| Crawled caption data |
+ + + + +

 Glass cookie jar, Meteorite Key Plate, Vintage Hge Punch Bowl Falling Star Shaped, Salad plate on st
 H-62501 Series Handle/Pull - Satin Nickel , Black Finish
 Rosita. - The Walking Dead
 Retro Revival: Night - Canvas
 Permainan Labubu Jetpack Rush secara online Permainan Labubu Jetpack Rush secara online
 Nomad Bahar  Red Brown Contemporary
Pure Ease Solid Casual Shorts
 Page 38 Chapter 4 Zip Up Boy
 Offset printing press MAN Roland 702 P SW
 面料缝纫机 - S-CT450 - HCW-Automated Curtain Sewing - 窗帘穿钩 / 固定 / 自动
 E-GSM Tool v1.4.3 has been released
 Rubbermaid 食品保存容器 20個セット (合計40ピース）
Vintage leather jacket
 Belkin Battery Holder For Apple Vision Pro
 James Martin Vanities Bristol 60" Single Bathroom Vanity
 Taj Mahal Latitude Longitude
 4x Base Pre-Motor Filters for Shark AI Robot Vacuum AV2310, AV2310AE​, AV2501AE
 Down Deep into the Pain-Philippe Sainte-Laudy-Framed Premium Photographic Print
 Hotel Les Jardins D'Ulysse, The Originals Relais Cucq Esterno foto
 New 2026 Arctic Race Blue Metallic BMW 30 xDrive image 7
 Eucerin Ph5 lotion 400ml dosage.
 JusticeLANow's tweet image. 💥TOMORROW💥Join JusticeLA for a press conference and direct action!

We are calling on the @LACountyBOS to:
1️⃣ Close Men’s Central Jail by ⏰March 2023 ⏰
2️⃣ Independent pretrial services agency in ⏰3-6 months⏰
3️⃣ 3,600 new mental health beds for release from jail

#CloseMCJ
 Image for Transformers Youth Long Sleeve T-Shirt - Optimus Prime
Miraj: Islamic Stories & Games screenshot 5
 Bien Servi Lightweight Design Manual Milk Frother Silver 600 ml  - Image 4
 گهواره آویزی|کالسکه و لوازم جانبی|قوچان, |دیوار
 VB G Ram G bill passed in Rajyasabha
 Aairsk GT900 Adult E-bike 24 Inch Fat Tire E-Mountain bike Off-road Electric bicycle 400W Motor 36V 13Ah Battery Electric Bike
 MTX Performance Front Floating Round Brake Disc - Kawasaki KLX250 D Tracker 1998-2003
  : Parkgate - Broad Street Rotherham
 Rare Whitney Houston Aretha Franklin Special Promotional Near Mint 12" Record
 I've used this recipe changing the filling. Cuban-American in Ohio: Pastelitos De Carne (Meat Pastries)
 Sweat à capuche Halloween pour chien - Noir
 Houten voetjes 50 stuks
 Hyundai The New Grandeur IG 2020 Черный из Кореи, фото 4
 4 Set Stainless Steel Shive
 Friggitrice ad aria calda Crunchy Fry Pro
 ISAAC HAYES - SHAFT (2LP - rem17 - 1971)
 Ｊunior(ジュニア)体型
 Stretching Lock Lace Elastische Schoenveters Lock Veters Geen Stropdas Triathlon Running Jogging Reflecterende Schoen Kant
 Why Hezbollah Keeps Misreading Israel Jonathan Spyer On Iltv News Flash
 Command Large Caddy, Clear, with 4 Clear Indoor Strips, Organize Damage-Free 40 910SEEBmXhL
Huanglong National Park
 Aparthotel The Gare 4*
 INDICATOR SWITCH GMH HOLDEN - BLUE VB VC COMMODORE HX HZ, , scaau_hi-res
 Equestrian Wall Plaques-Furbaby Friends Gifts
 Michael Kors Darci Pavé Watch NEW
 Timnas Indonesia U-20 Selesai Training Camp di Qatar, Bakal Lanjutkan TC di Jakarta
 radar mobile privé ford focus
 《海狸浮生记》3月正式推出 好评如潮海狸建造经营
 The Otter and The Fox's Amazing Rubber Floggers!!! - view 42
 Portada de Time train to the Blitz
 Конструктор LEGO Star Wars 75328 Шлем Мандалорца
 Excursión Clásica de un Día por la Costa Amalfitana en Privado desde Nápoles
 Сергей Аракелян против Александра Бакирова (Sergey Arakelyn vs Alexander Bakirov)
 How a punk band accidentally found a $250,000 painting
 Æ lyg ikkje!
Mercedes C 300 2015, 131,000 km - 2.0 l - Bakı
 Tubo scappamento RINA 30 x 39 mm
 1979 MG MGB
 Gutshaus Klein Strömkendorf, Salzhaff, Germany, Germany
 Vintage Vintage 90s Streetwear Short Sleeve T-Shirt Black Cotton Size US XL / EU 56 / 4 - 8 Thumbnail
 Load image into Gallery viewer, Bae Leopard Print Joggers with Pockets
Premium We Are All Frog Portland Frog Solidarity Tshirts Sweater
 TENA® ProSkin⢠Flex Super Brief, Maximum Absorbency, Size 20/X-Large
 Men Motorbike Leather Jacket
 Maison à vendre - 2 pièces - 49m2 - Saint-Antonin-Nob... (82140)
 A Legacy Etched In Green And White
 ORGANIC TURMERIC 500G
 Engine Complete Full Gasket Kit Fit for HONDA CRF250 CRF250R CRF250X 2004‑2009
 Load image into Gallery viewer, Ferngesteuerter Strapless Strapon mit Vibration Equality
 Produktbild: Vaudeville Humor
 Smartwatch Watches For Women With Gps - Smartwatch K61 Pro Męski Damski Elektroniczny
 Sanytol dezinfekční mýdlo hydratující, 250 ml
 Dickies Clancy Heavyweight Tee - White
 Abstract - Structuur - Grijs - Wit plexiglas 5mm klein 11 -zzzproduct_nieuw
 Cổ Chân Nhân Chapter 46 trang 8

+ + + + +

| WHAT THE EXERCISE ASKS |
The response should be a verbatim transcription of the data.

| RESPONSE AREA |
 Glass cookie jar, Meteorite Key Plate, Vintage Hge Punch Bowl Falling Star Shaped, Salad plate on st
 H-62501 Series Handle/Pull - Satin Nickel , Black Finish
 Rosita. - The Walking Dead
 Retro Revival: Night - Canvas
 Permainan Labubu Jetpack Rush secara online Permainan Labubu Jetpack Rush secara online
 Nomad Bahar  Red Brown Contemporary
Pure Ease Solid Casual Shorts
 Page 38 Chapter 4 Zip Up Boy
 Offset printing press MAN Roland 702 P SW
 面料缝纫机 - S-CT450 - HCW-Automated Curtain Sewing - 窗帘穿钩 / 固定 / 自动
 E-GSM Tool v1.4.3 has been released
 Rubbermaid 食品保存容器 20個セット (合計40ピース）
Vintage leather jacket
 Belkin Battery Holder For Apple Vision Pro
 James Martin Vanities Bristol 60" Single Bathroom Vanity
 Taj Mahal Latitude Longitude
 4x Base Pre-Motor Filters for Shark AI Robot Vacuum AV2310, AV2310AE​, AV2501AE
 Down Deep into the Pain-Philippe Sainte-Laudy-Framed Premium Photographic Print
 Hotel Les Jardins D'Ulysse, The Originals Relais Cucq Esterno foto
 New 2026 Arctic Race Blue Metallic BMW 30 xDrive image 7
 Eucerin Ph5 lotion 400ml dosage.
 JusticeLANow's tweet image. 💥TOMORROW💥Join JusticeLA for a press conference and direct action!

We are calling on the @LACountyBOS to:
1️⃣ Close Men’s Central Jail by ⏰March 2023 ⏰
2️⃣ Independent pretrial services agency in ⏰3-6 months⏰
3️⃣ 3,600 new mental health beds for release from jail

#CloseMCJ
 Image for Transformers Youth Long Sleeve T-Shirt - Optimus Prime
Miraj: Islamic Stories & Games screenshot 5
 Bien Servi Lightweight Design Manual Milk Frother Silver 600 ml  - Image 4
 گهواره آویزی|کالسکه و لوازم جانبی|قوچان, |دیوار
 VB G Ram G bill passed in Rajyasabha
 Aairsk GT900 Adult E-bike 24 Inch Fat Tire E-Mountain bike Off-road Electric bicycle 400W Motor 36V 13Ah Battery Electric Bike
 MTX Performance Front Floating Round Brake Disc - Kawasaki KLX250 D Tracker 1998-2003
  : Parkgate - Broad Street Rotherham
 Rare Whitney Houston Aretha Franklin Special Promotional Near Mint 12" Record
 I've used this recipe changing the filling. Cuban-American in Ohio: Pastelitos De Carne (Meat Pastries)
 Sweat à capuche Halloween pour chien - Noir
 Houten voetjes 50 stuks
 Hyundai The New Grandeur IG 2020 Черный из Кореи, фото 4
 4 Set Stainless Steel Shive
 Friggitrice ad aria calda Crunchy Fry Pro
 ISAAC HAYES - SHAFT (2LP - rem17 - 1971)
 Ｊunior(ジュニア)体型
 Stretching Lock Lace Elastische Schoenveters Lock Veters Geen Stropdas Triathlon Running Jogging Reflecterende Schoen Kant
 Why Hezbollah Keeps Misreading Israel Jonathan Spyer On Iltv News Flash
 Command Large Caddy, Clear, with 4 Clear Indoor Strips, Organize Damage-Free 40 910SEEBmXhL
Huanglong National Park
 Aparthotel The Gare 4*
 INDICATOR SWITCH GMH HOLDEN - BLUE VB VC COMMODORE HX HZ, , scaau_hi-res
 Equestrian Wall Plaques-Furbaby Friends Gifts
 Michael Kors Darci Pavé Watch NEW
 Timnas Indonesia U-20 Selesai Training Camp di Qatar, Bakal Lanjutkan TC di Jakarta
 radar mobile privé ford focus
 《海狸浮生记》3月正式推出 好评如潮海狸建造经营
 The Otter and The Fox's Amazing Rubber Floggers!!! - view 42
 Portada de Time train to the Blitz
 Конструктор LEGO Star Wars 75328 Шлем Мандалорца
 Excursión Clásica de un Día por la Costa Amalfitana en Privado desde Nápoles
 Сергей Аракелян против Александра Бакирова (Sergey Arakelyn vs Alexander Bakirov)
 How a punk band accidentally found a $250,000 painting
 Æ lyg ikkje!
Mercedes C 300 2015, 131,000 km - 2.0 l - Bakı
 Tubo scappamento RINA 30 x 39 mm
 1979 MG MGB
 Gutshaus Klein Strömkendorf, Salzhaff, Germany, Germany
 Vintage Vintage 90s Streetwear Short Sleeve T-Shirt Black Cotton Size US XL / EU 56 / 4 - 8 Thumbnail
 Load image into Gallery viewer, Bae Leopard Print Joggers with Pockets
Premium We Are All Frog Portland Frog Solidarity Tshirts Sweater
 TENA® ProSkin⢠Flex Super Brief, Maximum Absorbency, Size 20/X-Large
 Men Motorbike Leather Jacket
 Maison à vendre - 2 pièces - 49m2 - Saint-Antonin-Nob... (82140)
 A Legacy Etched In Green And White
 ORGANIC TURMERIC 500G
 Engine Complete Full Gasket Kit Fit for HONDA CRF250 CRF250R CRF250X 2004‑2009
 Load image into Gallery viewer, Ferngesteuerter Strapless Strapon mit Vibration Equality
 Produktbild: Vaudeville Humor
 Smartwatch Watches For Women With Gps - Smartwatch K61 Pro Męski Damski Elektroniczny
 Sanytol dezinfekční mýdlo hydratující, 250 ml
 Dickies Clancy Heavyweight Tee - White
 Abstract - Structuur - Grijs - Wit plexiglas 5mm klein 11 -zzzproduct_nieuw
 Cổ Chân Nhân Chapter 46 trang 8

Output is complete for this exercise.